KeyConcepts

shawnlaffan edited this page May 3, 2015 · 8 revisions

Table of contents:

Overview

This serves as the main interface to the help system. Eventually it will consist of a set of links to other pages. It is very much a work in progress at the moment.

The key point to keep in mind when using Biodiverse is that it has been developed first for spatial analyses. This includes the Moving Window, Clustering and Randomisations. All of the code has been written under this framework. Any other analysis that can be conducted is in some senses incidental. This does not mean it is invalid, just that it needs to be cast in a spatial framework to run.

Data Structures

See DataStructures.

Analyses

See AnalysisTypes.

Spatial conditions

See the SpatialConditions page.

Colour schemes

Hue and saturation modes

Numerically continuous analysis results can be displayed using either Hue or Saturation modes.

The hue mode uses colours from light blue through green and yellow to red. It is the default for spatial results.

The saturation mode assigns colours as different levels of saturation for a single colour, the default being red. (This is the scheme used in the view labels tab). You can select an alternate colour using the colour button to the right of the chooser. Note that greyscale is currently not supported (at version 0.12), and the system only uses the hue setting, ignoring any saturation and value settings. See issue #32.

If you are unsure of how visible your results will be to the colour blind then take a screen shot and put it through the Daltonizer at http://www.vischeck.com/daltonize/ . Saturation mode should be better than hue in these cases.

Contrasting colour scheme

Cluster analyses can be displayed as aggregates of nodes using the contrasting colour scheme.

The contrasting colour scheme is restricted to a maximum of 13 colours, with a different colour scheme used for 9 or fewer. The schemes are derived from http://www.colorbrewer.org, but with the addition of a mid-grey to the 12 colour scheme. We have experimented with more colours, but found them difficult to distinguish (which is pretty much as recommended on the ColorBrewer web site...).

Map overlays

You can display a feature (vector) data set in the group grid pane as a background to make it easier to identify groups, especially if they are geographically related. An example might be a map of national borders or of bioregions.

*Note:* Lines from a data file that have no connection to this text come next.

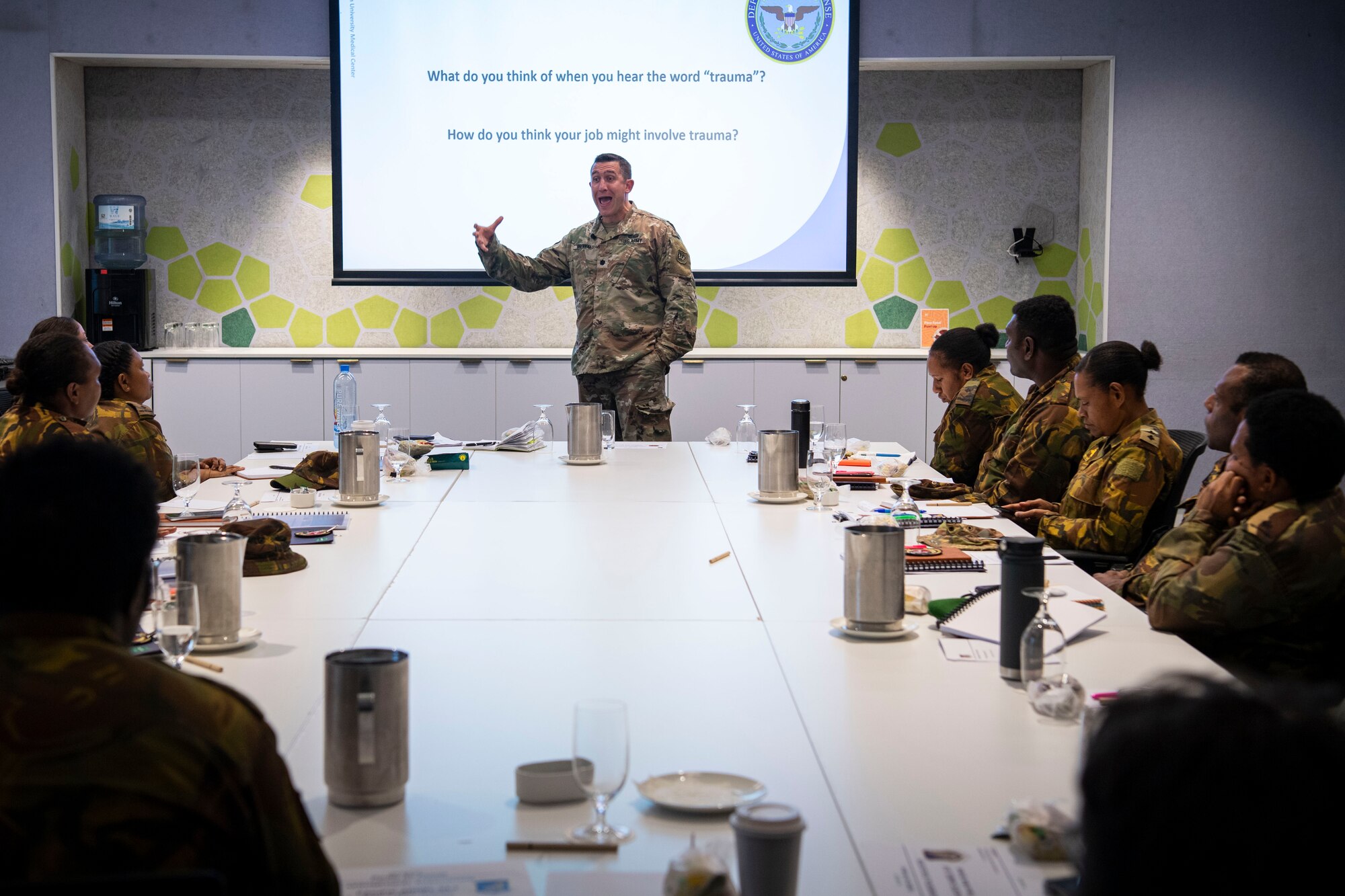 U.S. Army Lt. Col. Michael Brennan, Wisconsin National Guard Joint Force Headquarters deputy state surgeon, instructs Papua New Guinea Defence Force medical personnel on trauma and PTSD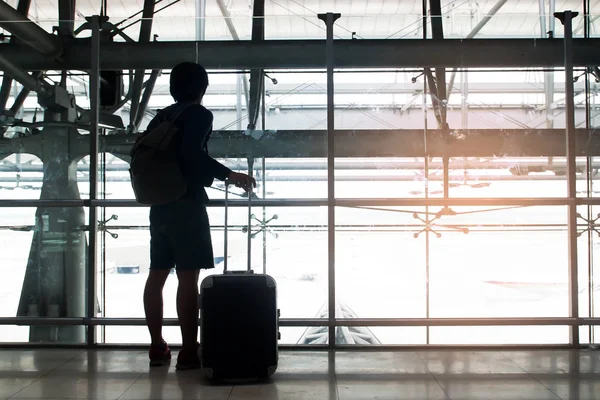 Σιλουέτα του ταξιδιώτη με αποσκευών βαλίτσα και σακίδιο ματιά έξω από το παράθυρο στο αεροδρόμιο — Φωτογραφία Αρχείου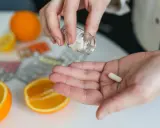 Dłoń z kapsułką, obok pomarańcze i cytryna. Pytanie: laktoferyna przed czy po jedzeniu?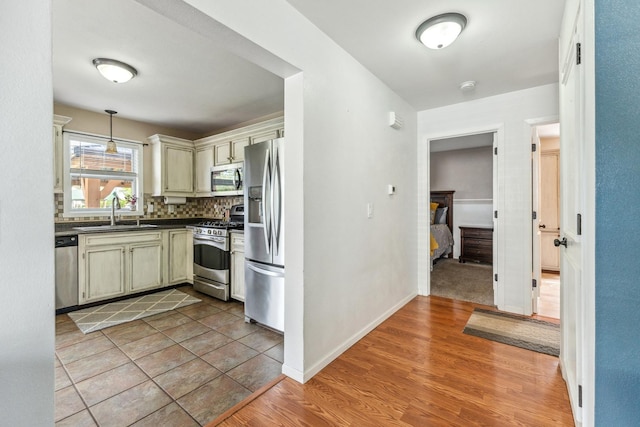 2124 Northwood Dr, Belvidere, IL 61008 - kitchen with appliances with stainless steel finishes, a sink, dark countertops, backsplash, and hanging light fixtures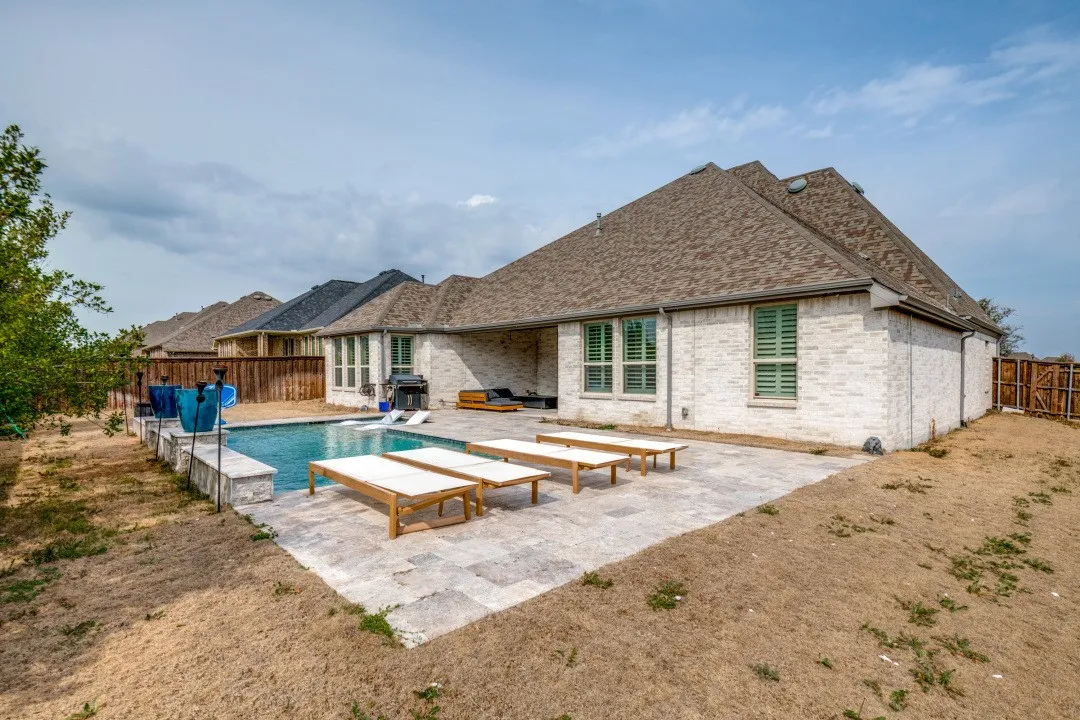 Rear view of property with brick siding, a patio area, a fenced backyard, and a shingled roof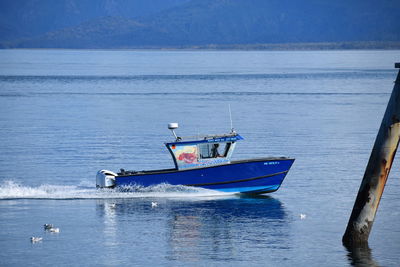 Boat moored in sea against blue sky
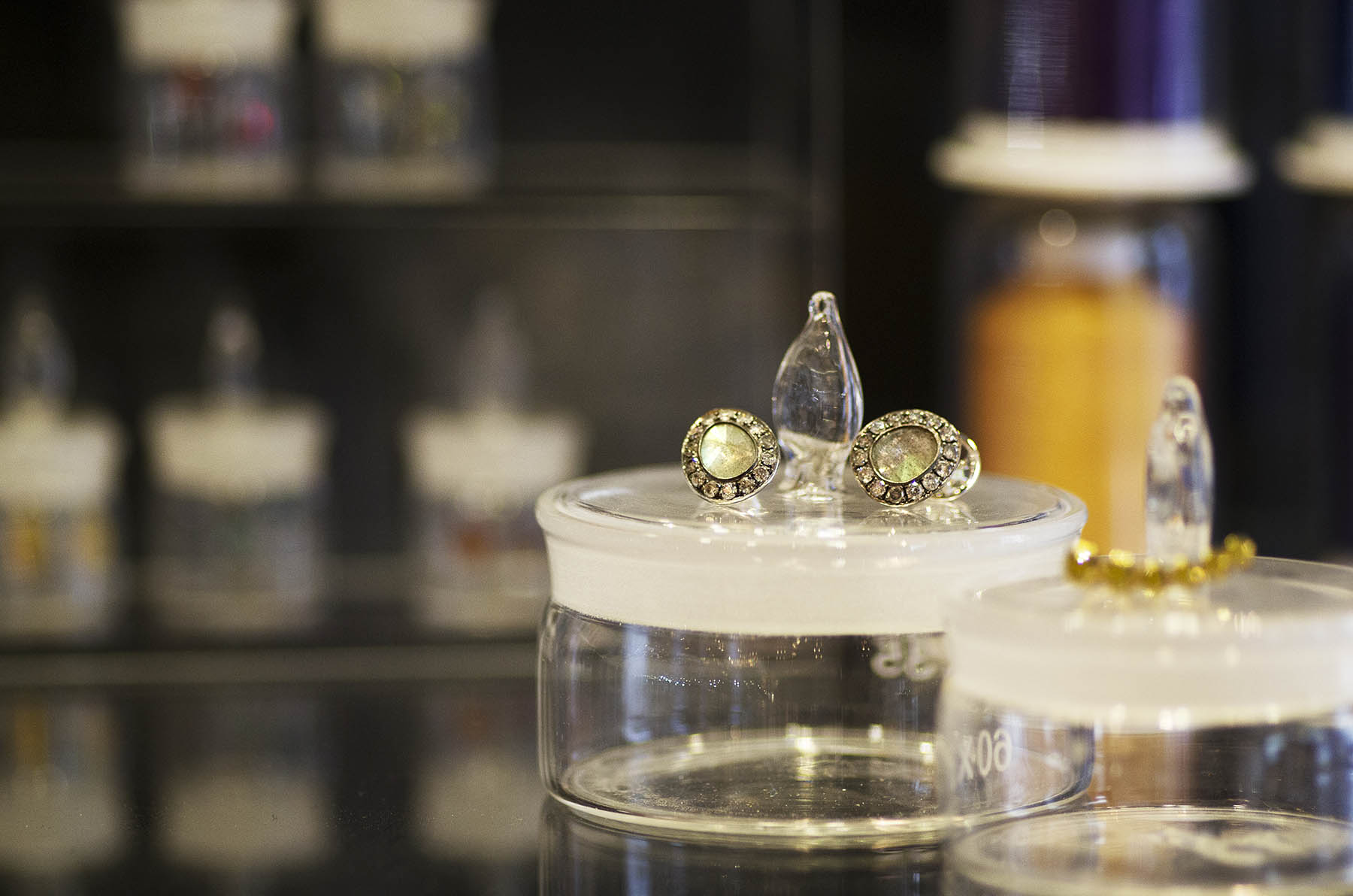 Annoushka Milestones Exhibition display cabinet - Dusty Diamond rings sitting on top of glass pots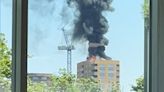 Tower block erupts into flames with plume of black smoke seen for miles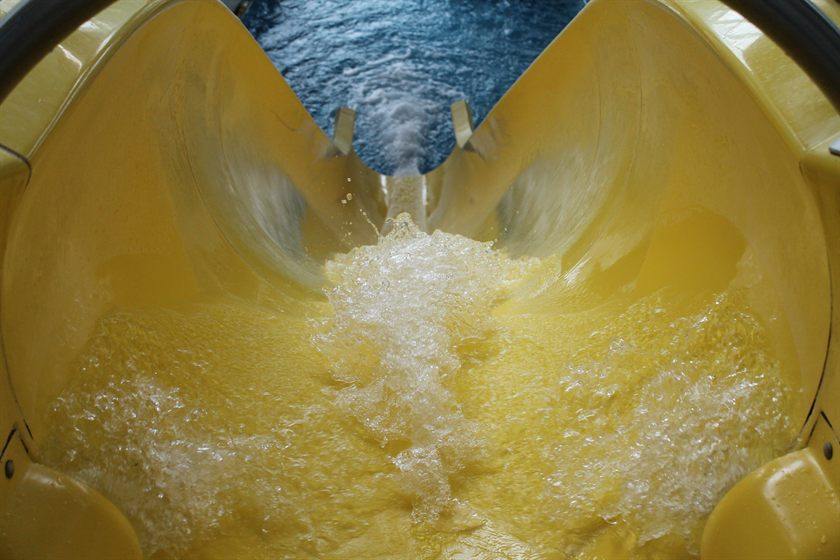 Vista dall'interno di uno scivolo giallo di un parco acquatico, con l'acqua che schizza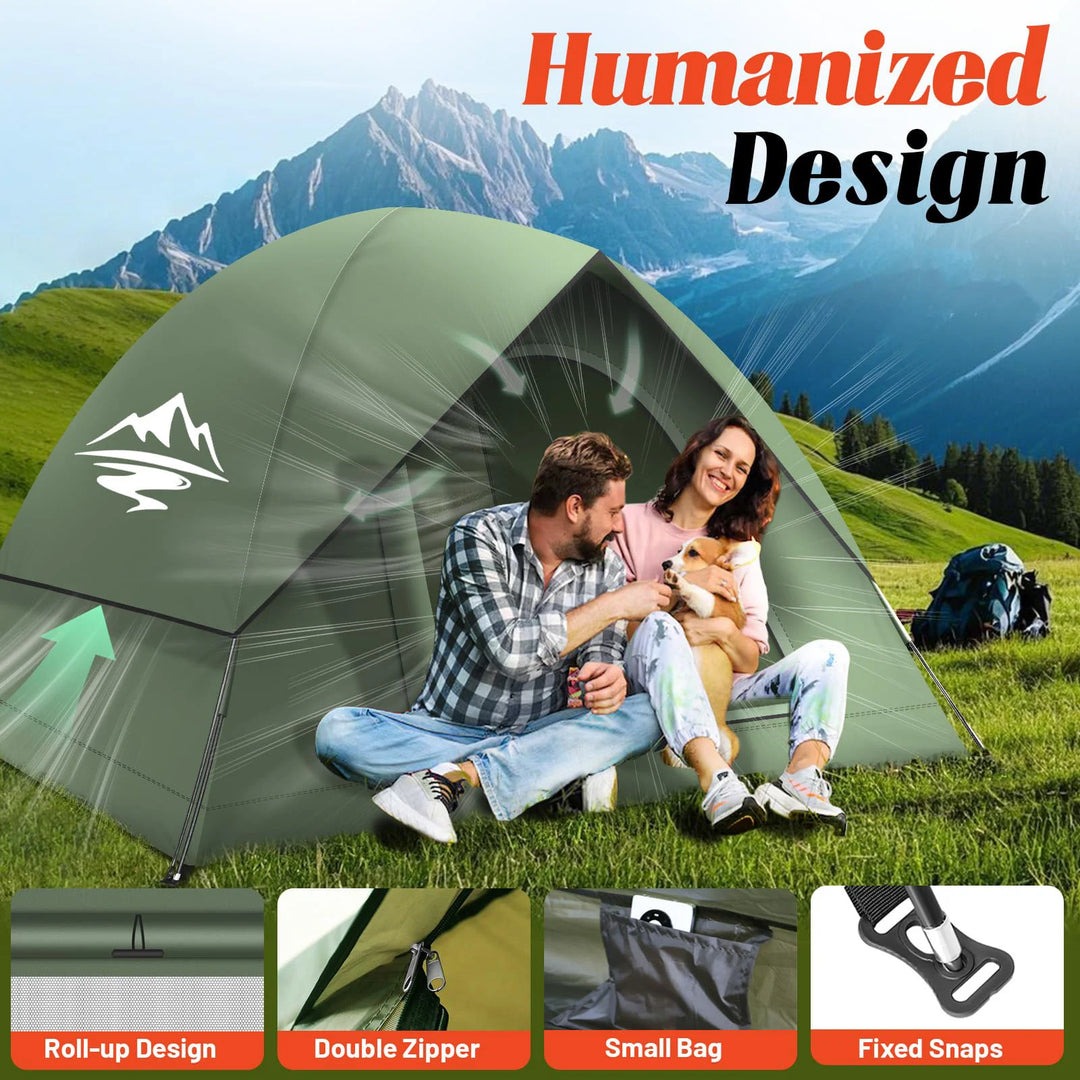 Couple with a dog sitting in front of a green tent with mountains in the background, featuring 'Humanized Design' text.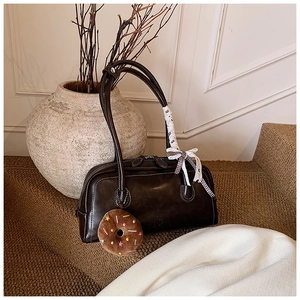 Détail d'un sac Boston vintage marron avec un nœud à carreaux et un charme donut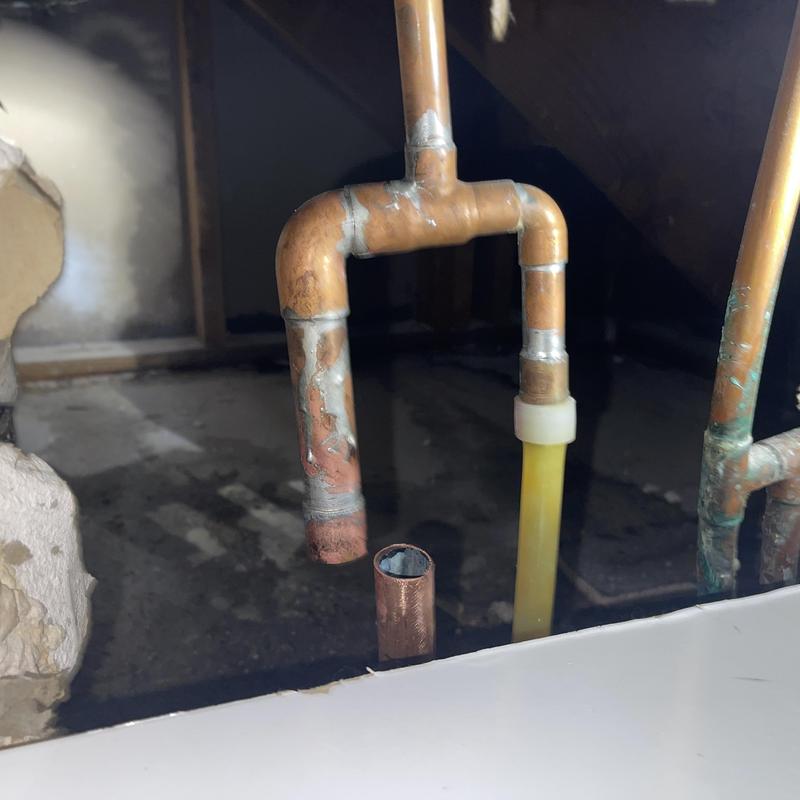 Copper water line with temporary cap in attic Copper water line with temporary cap in attic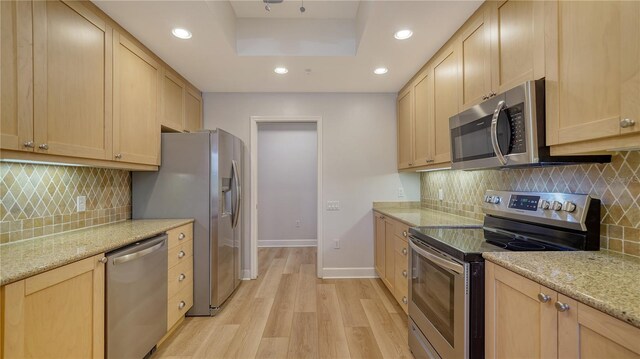 kitchen featuring appliances with stainless steel finishes, baseboards, light brown cabinets, recessed lighting, and light wood-style flooring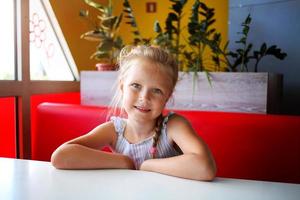 menina sentado dentro uma cafeteria e sorridente foto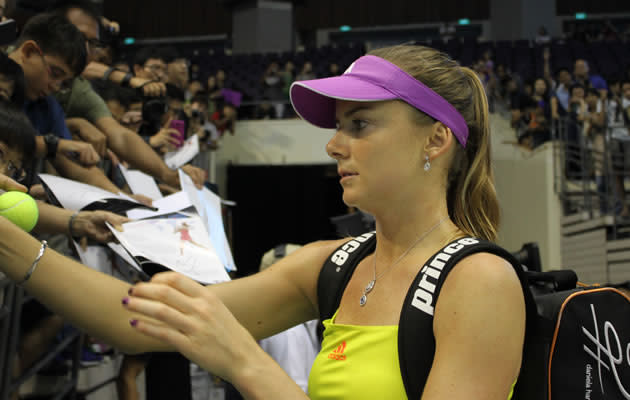 World no. 32 Daniela Hantuchova from Slovakia signs some autographs for her screaming fans after losing the exhibition match to Peng Shuai from China 4-6,3-6. (Yahoo! photo/Melissa Law)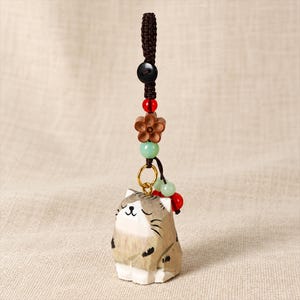 May include: A carved wooden cat charm featuring a light brown and white striped pattern with closed eyes and whiskers. The charm hangs from a dark brown braided cord adorned with a black button, a red bead, a wooden flower, and light green beads.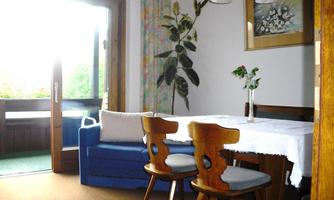A cozy dining area with a wooden table and two chairs. A blue armchair and a plant create a pleasant atmosphere.
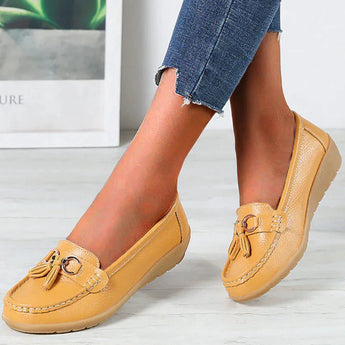 White leather tassel loafers for women in a vibrant yellow color, shown in size 44. These comfortable casual slip-on shoes feature a sleek design, suitable for everyday wear.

Overlays are available when a map is displayed, for example when viewing labels or displaying the results of a cluster or spatial analysis (see SampleSession#The_Group_Grid, SampleSession#Viewing_the_cluster_results and SampleSession#Viewing_the_spatial_results).

To plot an overlay, select the Overlays button in the panel. A list of the currently available overlays will be displayed. To add a new overlay, click Add, and select the desired overlay file. Your selected file will be added to the list of available overlays. To display it in the group grid, select it and click Ok. It may take a few seconds for the overlay to appear. To remove the currently displayed overlay, open the Overlays menu again and click the Clear button. Note: clicking Delete in the Overlays window will delete the shapefile from the list, but will not remove it from the display if it is currently being displayed. You must click Clear as well. Using an overlay may result in noticeably slower display processing (e.g. when highlighting groups), particularly with more detailed shapefiles. This is due to the amount of display refreshing that must be done.

Only shapefiles are supported at the moment. They also need to be polyline or polygon. Points are not plotted, but you could buffer your points by a small distance and plot the resulting polygons.

Several data sets can be loaded but only one can be displayed (see issue #48). If you wish to plot more than one set of features then combine them into a new data set using a GIS.

The system also ignores any vertices that are beyond the bounds of the BaseData groups, so you cannot zoom out any further than the BaseData extent.

Using the spatial index

A spatial index can only be set if there is a selected BaseData object. It is saved as part of the BaseData object it is related to.

The spatial index speeds up processing by reducing the number of comparisons that need to be made when assessing if a group is a neighbour of the processing goup. Exactly how much of a speed up is a function of the index resolution and the spatial condition specified (larger neighbourhoods take longer as they use more index blocks and therefore the system must make more comparisons).

As an example of the speed up, an analysis of approximately 20,000 groups took ~3600 seconds for a four cell radius circular neighbourhood without the index. With the index it took 30 seconds. Similarly, an analysis with a radius of one cell also took ~3600 seconds without the index and 12 seconds with it.

The reason for the speed-up is that the system no longer needs to assess every other group in the BaseData as a possible neighbour, and instead focusses only on those groups that occur within the indexed blocks that satisfy the spatial condition. Think of the search through the index returning a coarse first approximation to the neighbours, with a second search refining the solution to the actual set of neighbours.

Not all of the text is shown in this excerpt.